Trained on the **[Sunbird SALT](https://huggingface.co/datasets/Sunbird/salt)** Luganda subset — a mixed male/female multi-speaker corpus. Approximately **2,380 clips / ~2.69 hours** were used.


## Model architecture & training

### FastPitch (acoustic model)

- FFTransformer encoder/decoder: 6 layers, 1 head, `d_model=384`, `d_inner=1536`, dropout 0.1
- Duration + pitch predictors: 2-layer temporal predictors, filter size 256
- Learned alignment (`learn_alignment: true`), bin-loss warmup 100 epochs
- Pitch stats (z-score): μ=190.65 Hz, σ=51.25 Hz
- Optimizer: Adam, lr=1e-4, betas=(0.9, 0.999), weight_decay=1e-6, batch size 24
- Training steps: ~20,000
- NeMo version at training time: 1.8.0rc0

### HiFi-GAN (vocoder)

- Generator: upsample rates `[8, 8, 2, 2]`, kernel sizes `[16, 16, 4, 4]`, initial channels 512
- Resblock type 1, kernel sizes `[3, 7, 11]`, dilations `[[1,3,5], [1,3,5], [1,3,5]]`
- Optimizer: AdamW, lr=2e-4, betas=(0.8, 0.99), batch size 16
- Training steps: ~20,000
- NeMo version at training time: 1.23.0

## Limitations

**Text frontend — English G2P.** Luganda does not yet have a mature open-source grapheme-to-phoneme (G2P) resource. FastPitch here uses NeMo's `EnglishPhonemesTokenizer` with `EnglishG2p` (CMUdict) as the text frontend since luganda's spelling is largely phonemic. Building a proper Luganda phonemizer is an obvious next step and contributions are welcome.

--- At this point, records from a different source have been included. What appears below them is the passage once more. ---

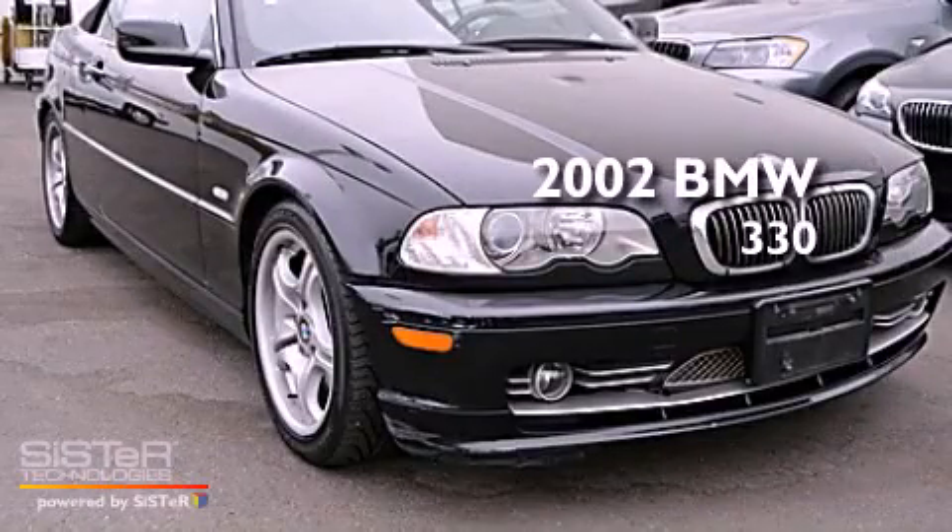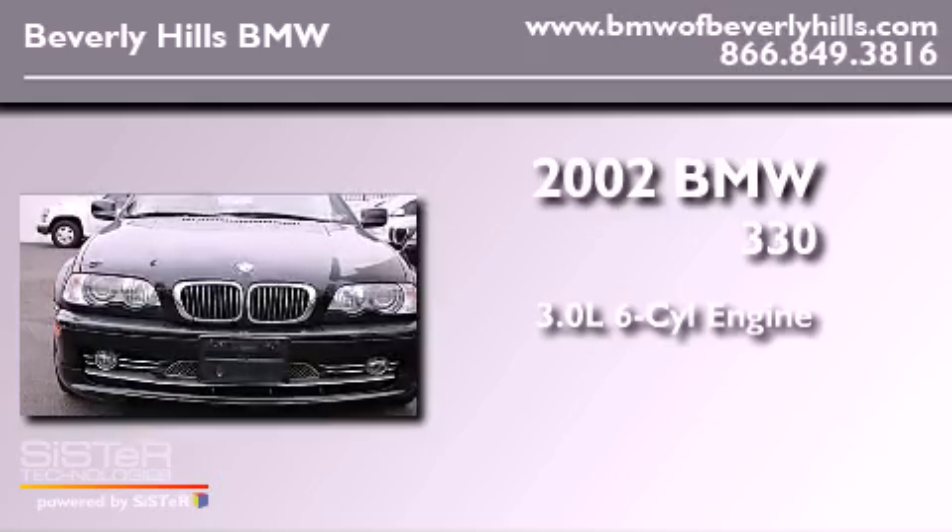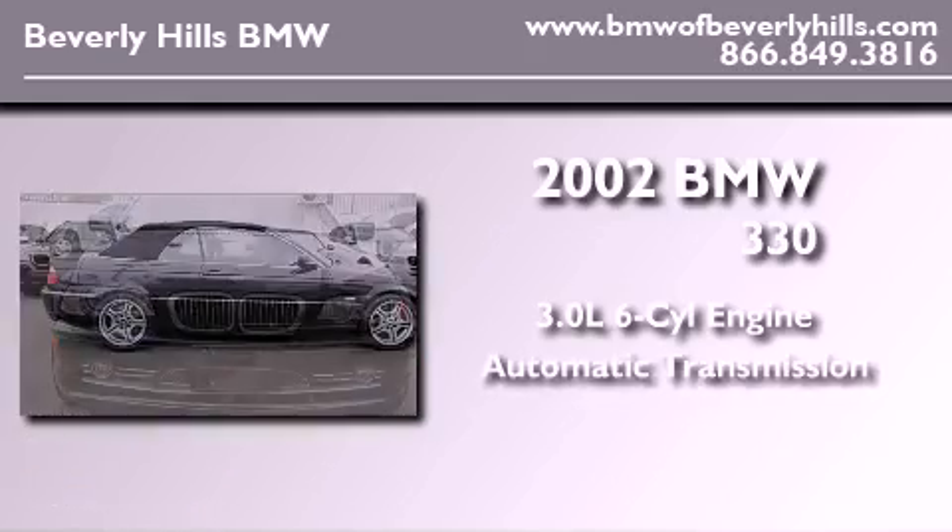This is a 2002 BMW 330. It features a 3.0-liter, six-cylinder engine and an automatic transmission.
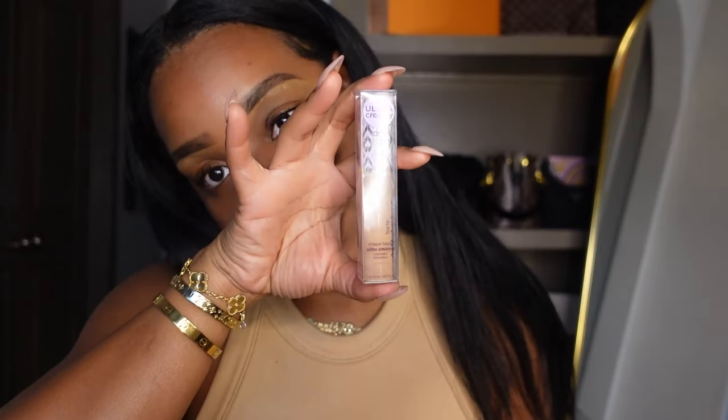I also bought the Tarte cream concealer. I got the small one a long time ago and fell in love with it but never went back for the full size. I got it today in color TNT honey. One thing I noticed is it doesn't crease and it doesn't move. It's a little bright but that's perfect for brightening under my eyes. It was about $30.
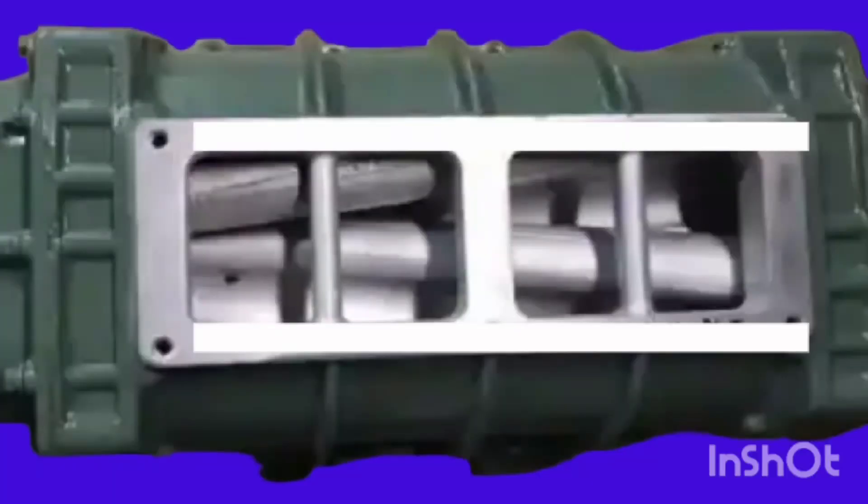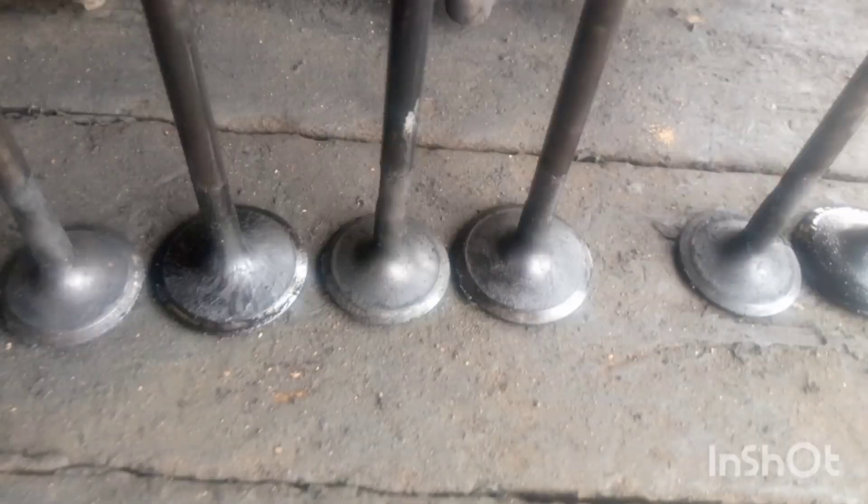Now let's go into the details. Why does a two-stroke Detroit Diesel need a blower? In the absence of intake valves, the Detroit Diesel needs a blower to suck air into the engine. In a normal four-stroke engine, there are intake valves that allow air to come into the combustion chamber or cylinder of the engine.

**Single output voice.** The model is trained on multi-speaker data but emits one averaged voice. No speaker conditioning is available at inference.

**Low-resource training.** ~2.7 hours of speech is small for TTS. Expect audible artifacts, uneven prosody on long sentences, and reduced robustness on numerals, code-switched English, and out-of-distribution domains.

**Text normalization.** The packaged text normalizer is `nemo_text_processing.text_normalization.Normalizer` with `lang: en`. Non-trivial Luganda text normalization (e.g., number reading, abbreviations) is not handled — pre-normalize input in your pipeline.

## Usage

```python
from nemo.collections.tts.models import FastPitchModel, HifiGanModel
import soundfile as sf

fastpitch = FastPitchModel.restore_from("luganda_fastpitch.nemo")
hifigan = HifiGanModel.restore_from("luganda_hifigan.nemo")

text = "Oli otya?"
parsed = fastpitch.parse(text)
spectrogram = fastpitch.generate_spectrogram(tokens=parsed)
audio = hifigan.convert_spectrogram_to_audio(spec=spectrogram)

sf.write("out.wav", audio.to("cpu").numpy().squeeze(), 22050)
```

### Loading from the Hub

```python
from huggingface_hub import hf_hub_download
from nemo.collections.tts.models import FastPitchModel, HifiGanModel

fp = hf_hub_download("Cal3bd3v/ganda-nemo-experimental", "luganda_fastpitch.nemo")
hg = hf_hub_download("Cal3bd3v/ganda-nemo-experimental", "luganda_hifigan.nemo")

fastpitch = FastPitchModel.restore_from(fp)
hifigan = HifiGanModel.restore_from(hg)
```

## Edge / on-device deployment

The primary deployment target is mobile. Suggested paths:

- Export FastPitch and HiFi-GAN to ONNX via NeMo's exporter, then run with ONNX Runtime Mobile / ExecuTorch.
- HiFi-GAN dominates runtime; a distilled / smaller vocoder (e.g., HiFi-GAN v3 or iSTFTNet) is recommended for phone-class CPUs.
- Streaming is possible by chunking mel output and vocoding incrementally; latency budget depends on device.

Quantization, pruning, and distillation have not been applied in this release.

## Ethical considerations

- The speaker(s) in the Sunbird SALT corpus consented to the original dataset's terms; downstream use must respect those terms.
- Because the model emits a synthesized Luganda voice, downstream applications should disclose synthetic speech to end users where appropriate (accessibility, consent, anti-impersonation).

## Attribution

- **Model author:** Caleb Lwanga, **[Crane AI Labs](https://huggingface.co/CraneAILabs)**
- **Base framework:** [NVIDIA NeMo](https://github.com/NVIDIA/NeMo)
- **Training corpus:** [Sunbird SALT](https://huggingface.co/datasets/Sunbird/salt)

## License

Apache-2.0. Use of the model must also comply with the license of the Sunbird SALT dataset used for training.